**TASK REQUIREMENTS**
Each line from the one that includes "this 350×262 image." to the last line of the data below should be set down exactly; no other lines are wanted.

**DATASET ENTRIES**
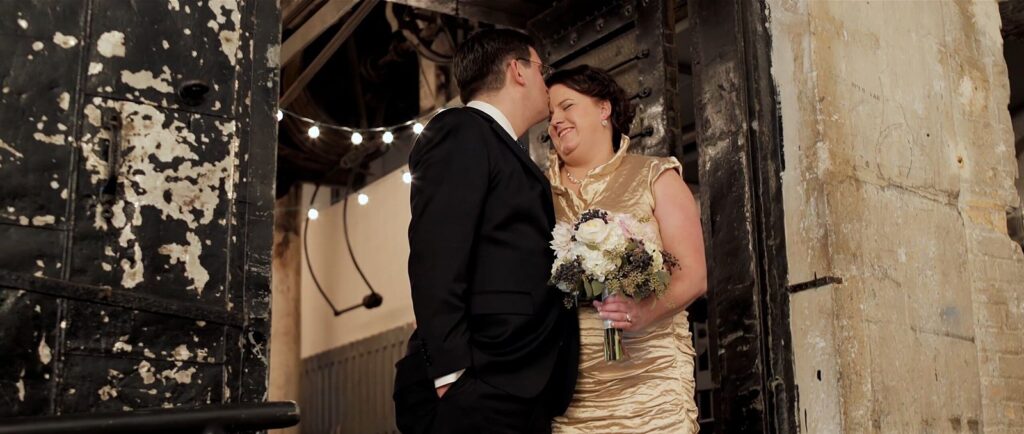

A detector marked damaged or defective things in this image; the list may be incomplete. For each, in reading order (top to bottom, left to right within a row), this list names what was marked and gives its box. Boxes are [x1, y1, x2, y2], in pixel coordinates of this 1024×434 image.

chipped white paint [52, 32, 77, 48]
chipped white paint [96, 31, 125, 58]
chipped white paint [121, 66, 174, 93]
chipped white paint [0, 138, 23, 158]
rusted metal door [0, 0, 280, 417]
peeling black painted wall [0, 0, 280, 419]
chipped white paint [157, 232, 207, 292]
chipped white paint [172, 343, 192, 360]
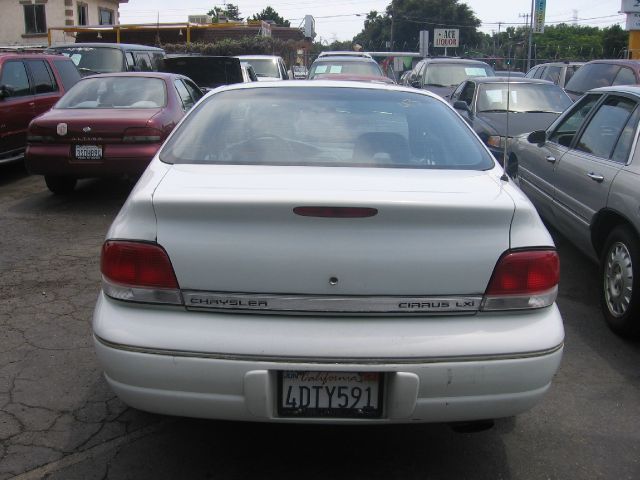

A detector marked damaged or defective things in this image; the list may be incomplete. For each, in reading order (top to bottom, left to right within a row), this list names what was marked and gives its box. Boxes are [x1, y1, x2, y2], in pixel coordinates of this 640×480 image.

cracked pavement [1, 164, 640, 476]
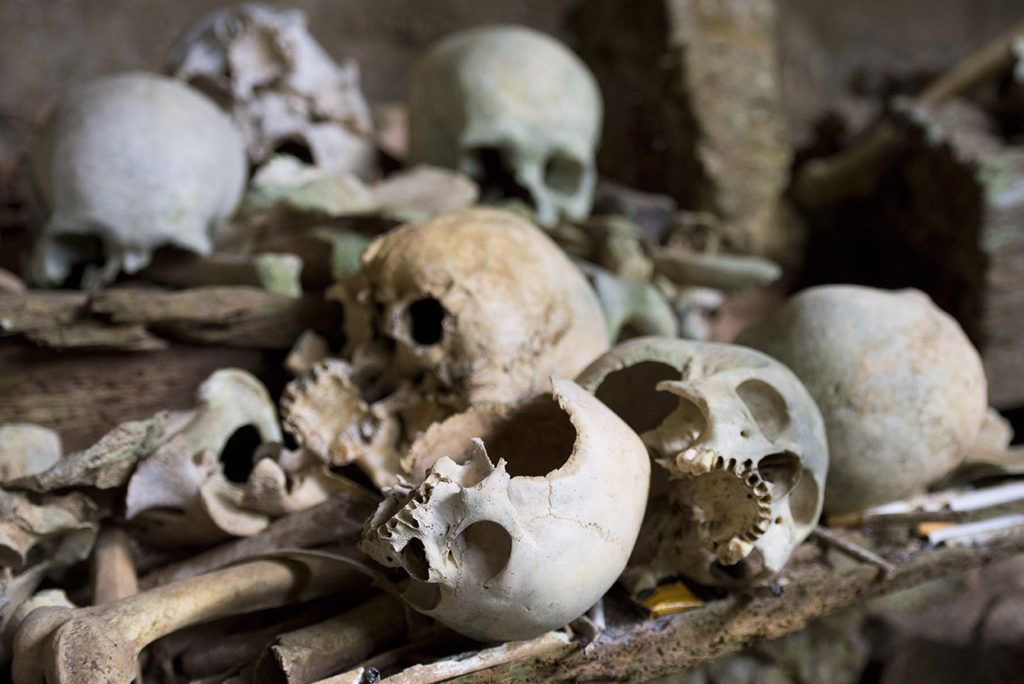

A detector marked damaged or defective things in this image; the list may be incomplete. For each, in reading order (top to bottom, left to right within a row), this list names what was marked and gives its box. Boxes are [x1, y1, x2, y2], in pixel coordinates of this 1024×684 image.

broken cranium [27, 73, 247, 288]
broken cranium [164, 2, 376, 176]
broken cranium [406, 26, 600, 224]
broken cranium [282, 207, 608, 486]
broken cranium [360, 380, 648, 640]
broken cranium [580, 336, 828, 588]
broken cranium [736, 286, 992, 516]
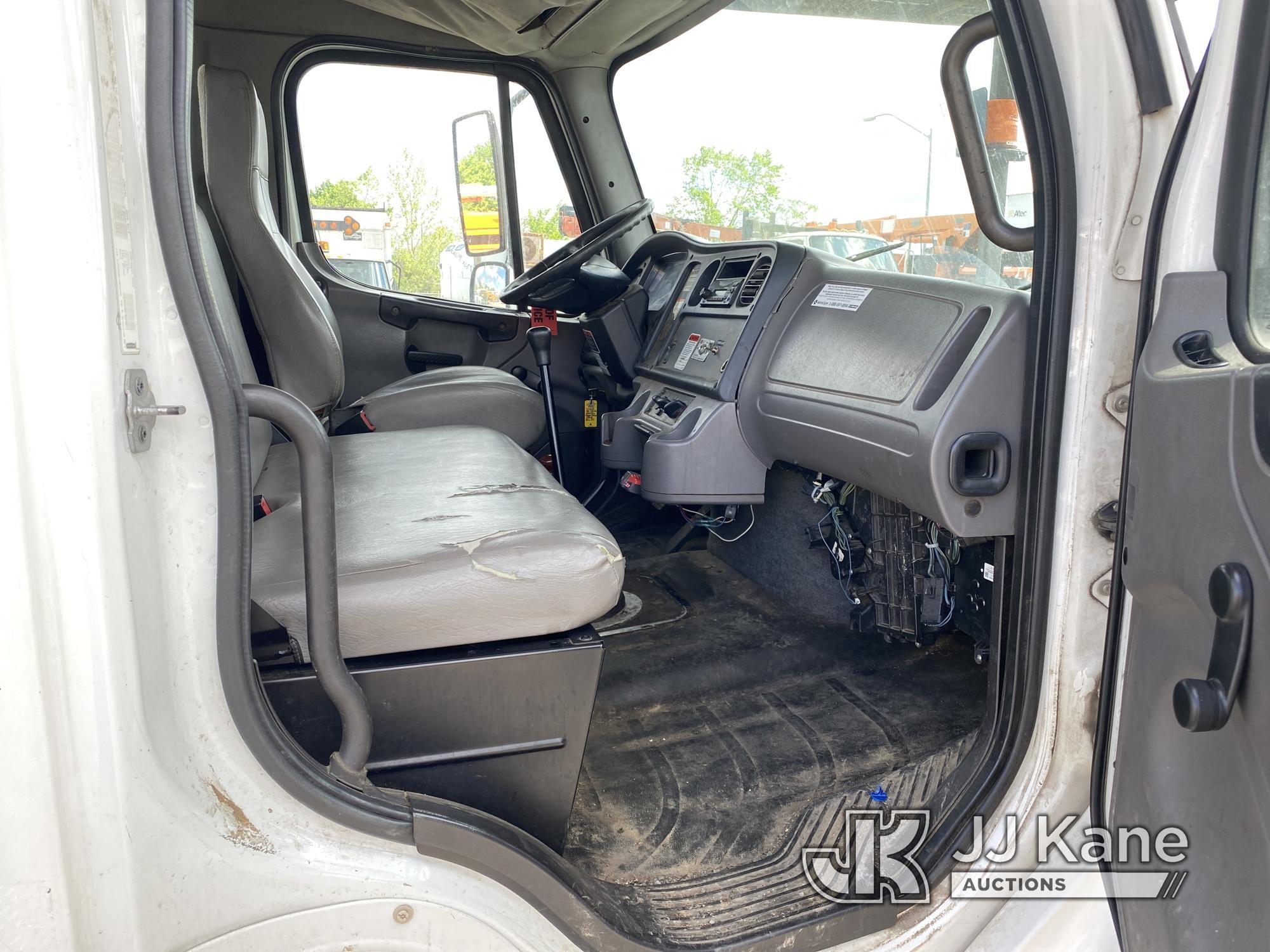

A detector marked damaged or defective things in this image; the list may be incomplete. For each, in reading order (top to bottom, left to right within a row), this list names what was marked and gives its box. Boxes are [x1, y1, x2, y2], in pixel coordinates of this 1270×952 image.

torn seat upholstery [196, 64, 544, 452]
torn seat upholstery [198, 206, 625, 660]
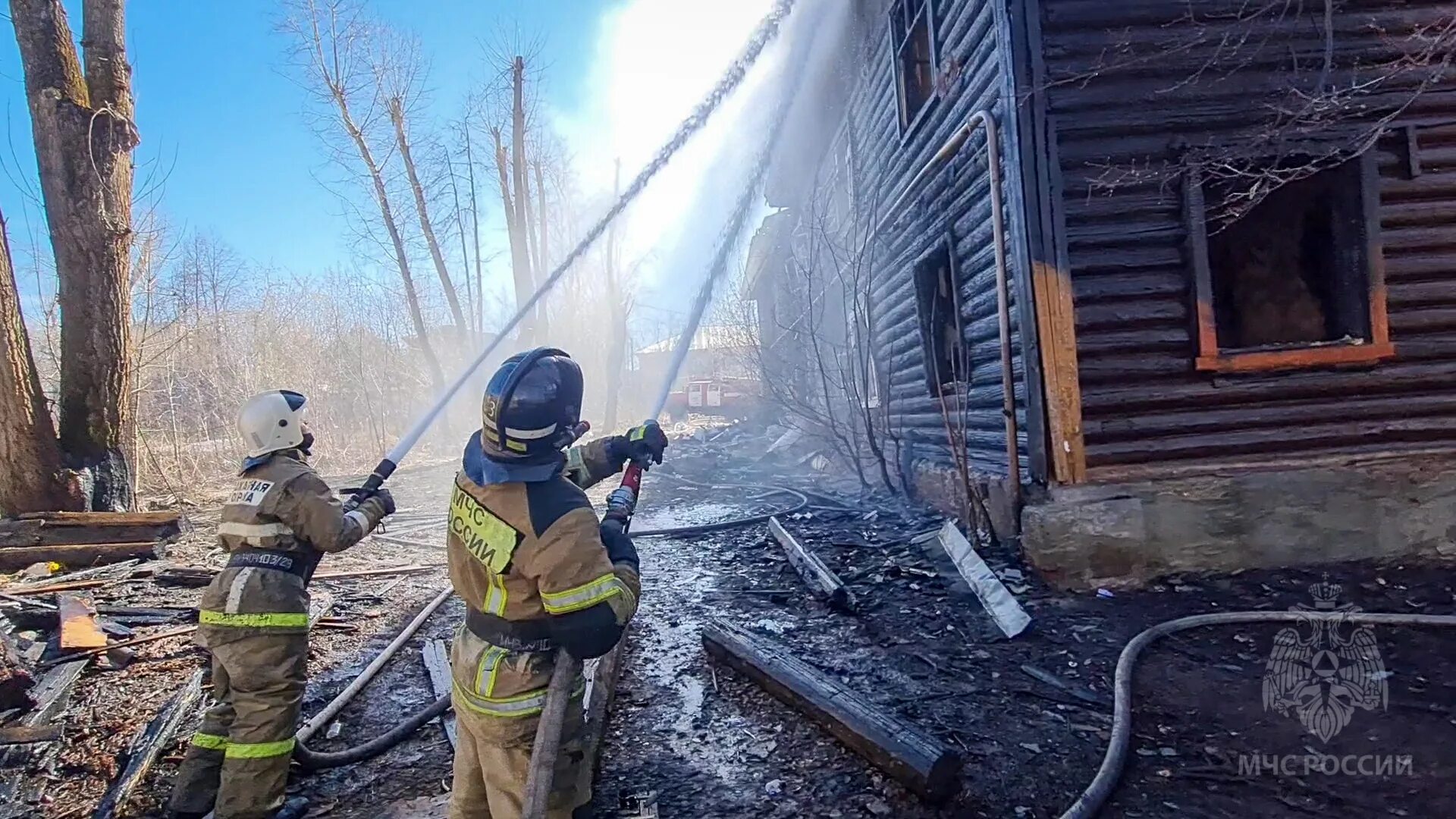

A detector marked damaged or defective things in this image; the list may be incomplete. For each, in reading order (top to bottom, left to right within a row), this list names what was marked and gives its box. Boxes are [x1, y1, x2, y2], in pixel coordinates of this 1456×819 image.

broken window frame [879, 0, 937, 135]
broken window frame [908, 234, 966, 393]
broken window frame [1182, 151, 1398, 372]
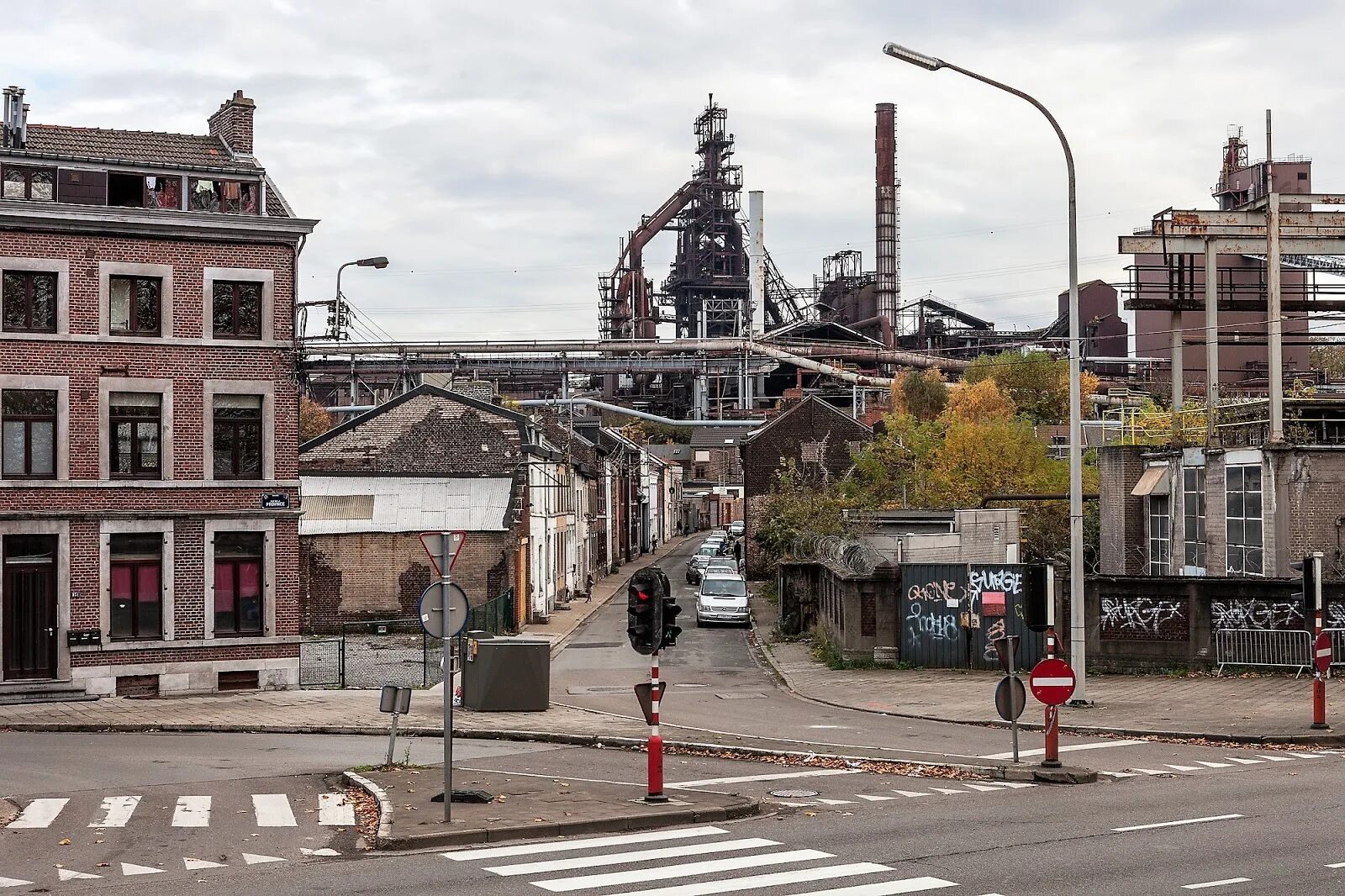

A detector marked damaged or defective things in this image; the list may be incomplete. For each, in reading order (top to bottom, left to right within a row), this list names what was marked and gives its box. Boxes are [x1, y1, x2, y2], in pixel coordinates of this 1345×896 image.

broken window [1, 165, 55, 200]
broken window [192, 177, 261, 214]
rusty smokestack [874, 101, 901, 346]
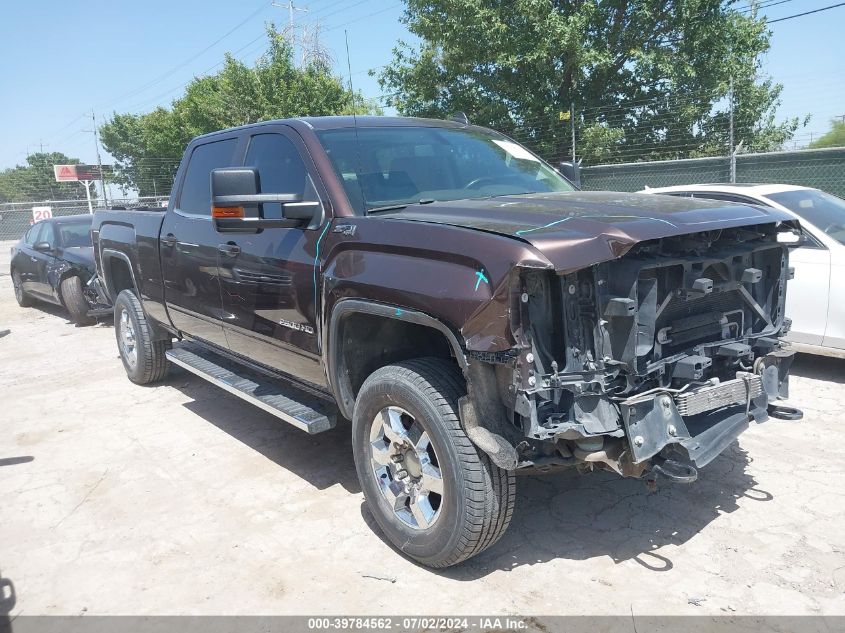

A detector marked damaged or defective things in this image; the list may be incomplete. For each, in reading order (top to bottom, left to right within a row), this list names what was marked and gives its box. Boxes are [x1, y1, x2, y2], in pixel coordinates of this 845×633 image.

damaged front end [464, 222, 800, 478]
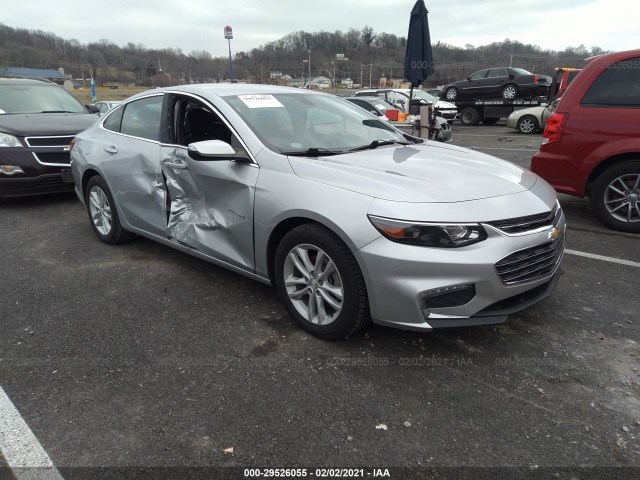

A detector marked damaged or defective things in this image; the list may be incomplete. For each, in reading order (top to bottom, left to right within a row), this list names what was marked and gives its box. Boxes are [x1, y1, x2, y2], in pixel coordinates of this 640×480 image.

crumpled door panel [160, 147, 258, 270]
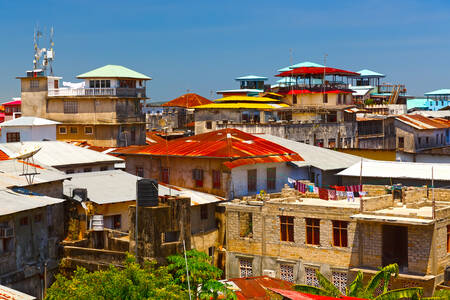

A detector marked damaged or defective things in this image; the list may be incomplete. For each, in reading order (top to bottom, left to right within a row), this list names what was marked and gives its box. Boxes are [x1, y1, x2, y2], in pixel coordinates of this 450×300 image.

rusty metal roof [113, 128, 302, 169]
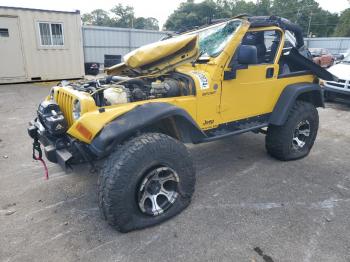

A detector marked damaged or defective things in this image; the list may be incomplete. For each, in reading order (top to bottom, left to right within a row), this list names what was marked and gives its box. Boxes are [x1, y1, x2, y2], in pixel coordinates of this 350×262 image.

damaged jeep hood [106, 33, 198, 75]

**RESPONSE**
A detector marked damaged or defective things in this image; the list may be incomplete. For each, in reading order (top to bottom, left to right within a row), this list names what was marked and gives its box. Boxes are [x1, y1, x2, y2], in pixel coordinates of this 350×262 image.

damaged jeep hood [106, 33, 198, 75]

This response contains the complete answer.